• [Work to be completed] Restate each line below word for word, skipping every picture.

Brief descriptive captions
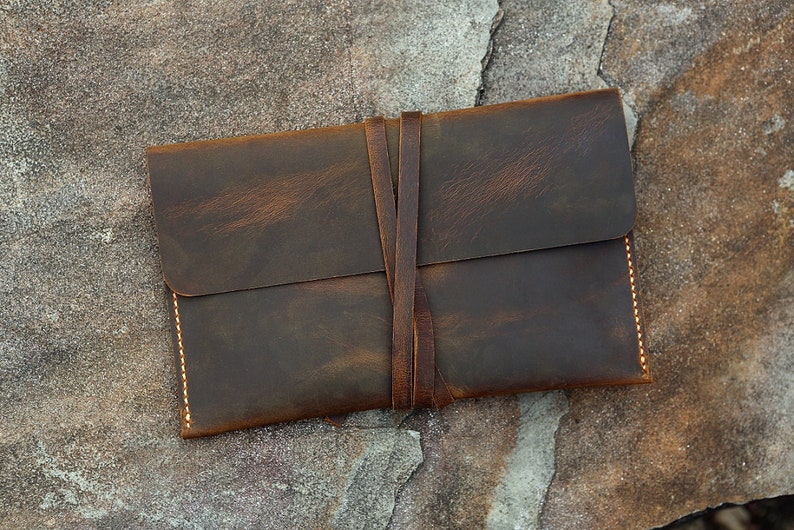 May include: A brown leather envelope with a flap closure and a tied leather strap. The envelope has a distressed look and is stitched with a light brown thread.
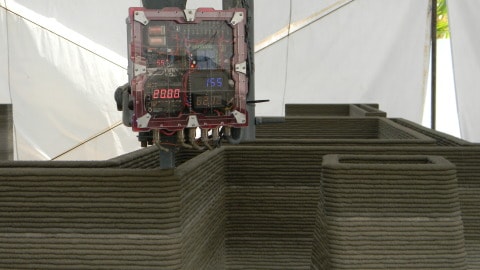 Machine d'impression de structures en béton: stratification de mortier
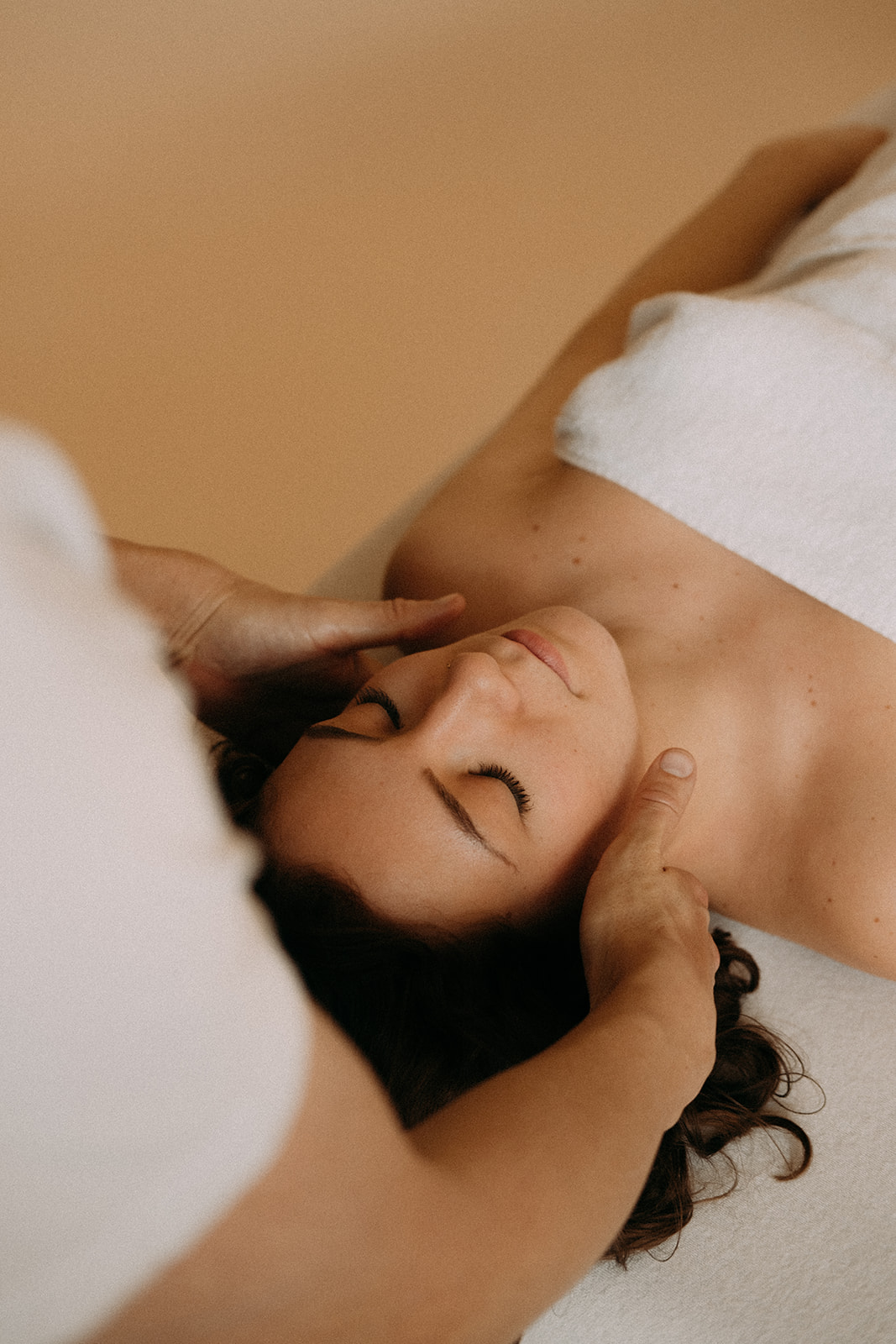 Eine Frau liegt auf der Rücken auf einer Massageliege. Sie hat die Augen geschlossen. Sie wird am Kopf und Nacken von einem Masseur massiert. 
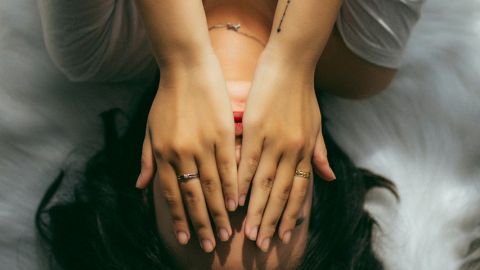 femme sur son lit, mains sur les yeux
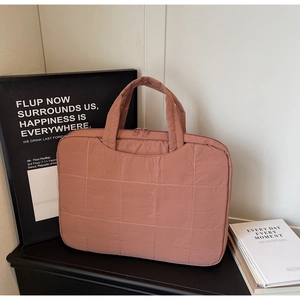 Close-up of pink quilted laptop bag with double zippers and sturdy handles for protection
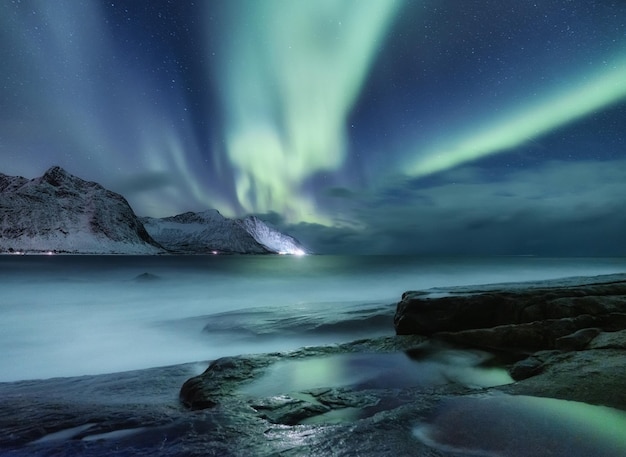 Aurora borealis on Lofoten islands Norway Green northern lights above mountains Night winter landscape with aurora Natural background in the Norway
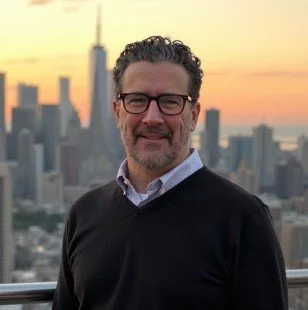 A man with glasses and a beard smiling outdoors with a city skyline and sunset in the background.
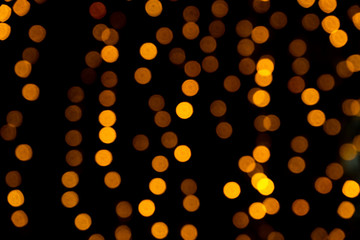 Gold blur bokeh background on a black background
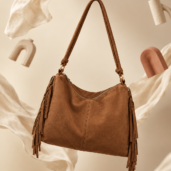 Brown leather shoulder bag with long strap and fringe tassels, suspended in a neutral backdrop.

• [Result below]
 May include: A brown leather envelope with a flap closure and a tied leather strap. The envelope has a distressed look and is stitched with a light brown thread.
 Machine d'impression de structures en béton: stratification de mortier
 Eine Frau liegt auf der Rücken auf einer Massageliege. Sie hat die Augen geschlossen. Sie wird am Kopf und Nacken von einem Masseur massiert. 
 femme sur son lit, mains sur les yeux
 Close-up of pink quilted laptop bag with double zippers and sturdy handles for protection
 Aurora borealis on Lofoten islands Norway Green northern lights above mountains Night winter landscape with aurora Natural background in the Norway
 A man with glasses and a beard smiling outdoors with a city skyline and sunset in the background.
 Gold blur bokeh background on a black background
 Brown leather shoulder bag with long strap and fringe tassels, suspended in a neutral backdrop.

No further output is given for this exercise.